A crazy thought, that he had changed, too. He brushed it off and followed her into the diner. He hadn’t changed at all. He still wanted the same things he’d always wanted. Some things weren’t meant to be domesticated, like raccoons, foxes…and him.
When they got home, Andie changed into jeans and a T-shirt and headed for the barn. She was brushing Babe, her old mare, when Etta walked through the double doors at the end of the building.
“What’s going on with you?” Etta, arm’s crossed, stood with the sun to her back, her face in shadows.
The barn cat wandered in and Etta stepped away from the feline.
“There’s nothing wrong.” Andie brushed the horse’s rump and the bay mare twitched her dark tail and stomped a fly away from her leg. “Okay, something is wrong. Caroline is here. I don’t know what she wants from me. I don’t know why she expects to walk into my life and have me happy to be graced with her presence.”
“She doesn’t expect that.”
Andie stopped brushing and turned. “So now you’re on her side.”
“Don’t sound like a five-year-old. I’m not on her side. I’m on your side. I want you to forgive her. I want you to have her in your life. I have to forgive her, too. She broke my son’s heart. She broke your heart.”

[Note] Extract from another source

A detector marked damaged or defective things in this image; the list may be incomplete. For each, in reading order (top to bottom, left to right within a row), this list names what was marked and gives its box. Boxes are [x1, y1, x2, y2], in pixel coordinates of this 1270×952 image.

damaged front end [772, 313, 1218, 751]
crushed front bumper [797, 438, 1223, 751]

Andie shook off the anger. Her heart hadn’t been broken, not by Caroline or anyone else.
“I’m fine.” She brushed Babe’s neck and the mare leaned toward her, her eyes closing slightly.
“You’re not fine. And this isn’t about Caroline, it’s about you and Ryder. What happened?”

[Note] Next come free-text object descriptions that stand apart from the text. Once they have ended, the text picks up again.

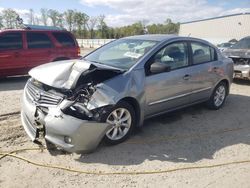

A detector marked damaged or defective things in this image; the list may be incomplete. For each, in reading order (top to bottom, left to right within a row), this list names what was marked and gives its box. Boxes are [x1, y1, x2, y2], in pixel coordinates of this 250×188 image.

damaged grille [26, 81, 63, 106]
crumpled hood [29, 60, 92, 89]
detached front bumper [21, 84, 111, 153]
damaged front end [21, 60, 124, 153] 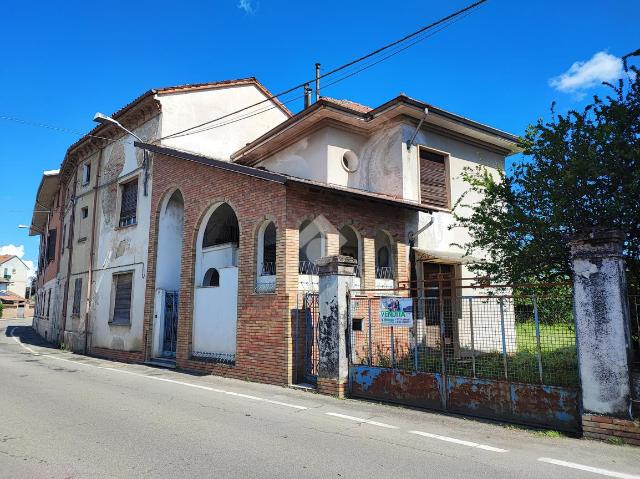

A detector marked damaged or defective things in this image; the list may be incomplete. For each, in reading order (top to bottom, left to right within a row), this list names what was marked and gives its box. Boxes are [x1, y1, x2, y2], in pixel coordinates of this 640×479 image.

peeling plaster wall [159, 84, 288, 159]
peeling plaster wall [89, 117, 159, 354]
rusty metal panel [350, 366, 444, 410]
rusty metal panel [444, 376, 580, 434]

“Nothing. Or at least nothing a little time won’t take care of.”
Etta walked closer. “I guess it’s too late for the talk that we should have had fifteen years ago,” she said with a sigh.
Andie swallowed and nodded. And the words freed the tears that had been hovering. “Too late.”

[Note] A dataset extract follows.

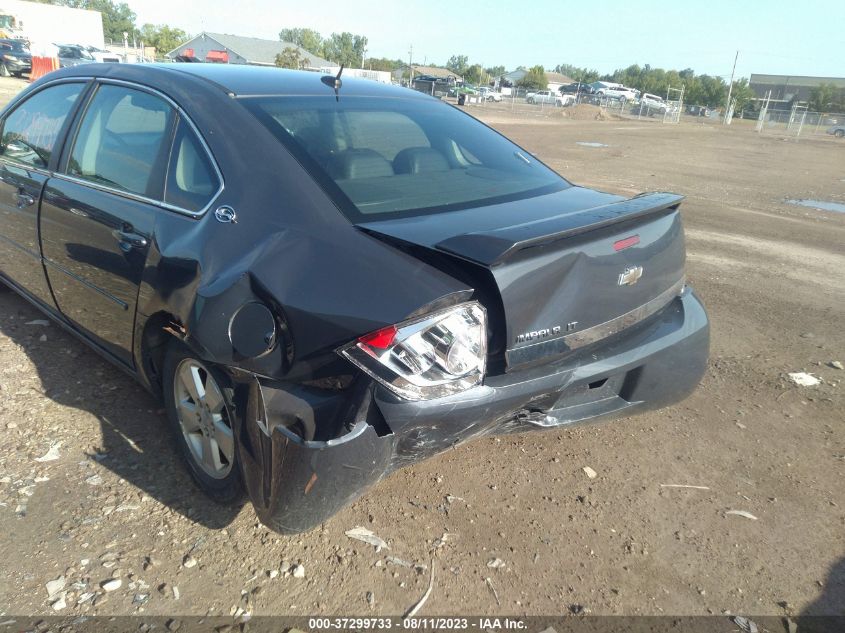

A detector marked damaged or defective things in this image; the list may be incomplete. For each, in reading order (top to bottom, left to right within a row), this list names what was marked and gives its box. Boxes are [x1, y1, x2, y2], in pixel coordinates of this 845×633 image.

broken taillight lens [334, 302, 484, 400]
detached bumper cover [242, 288, 704, 532]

“It’s okay.” Etta stepped closer, her arm going around Andie’s waist.
“No, it isn’t. I messed up. I really messed up. This is something I can’t take back.”
“So you went to church?”
“Not just because of this. I went because I had to go. As much as I’ve always claimed I was strong, every time I was at the end of my rope, it was God that I turned to. I’ve always prayed. And that Sunday morning, I wanted to be in church.”
“Andie, did you use…”
Andie’s face flamed and she shook her head.
“Do you think you might be…”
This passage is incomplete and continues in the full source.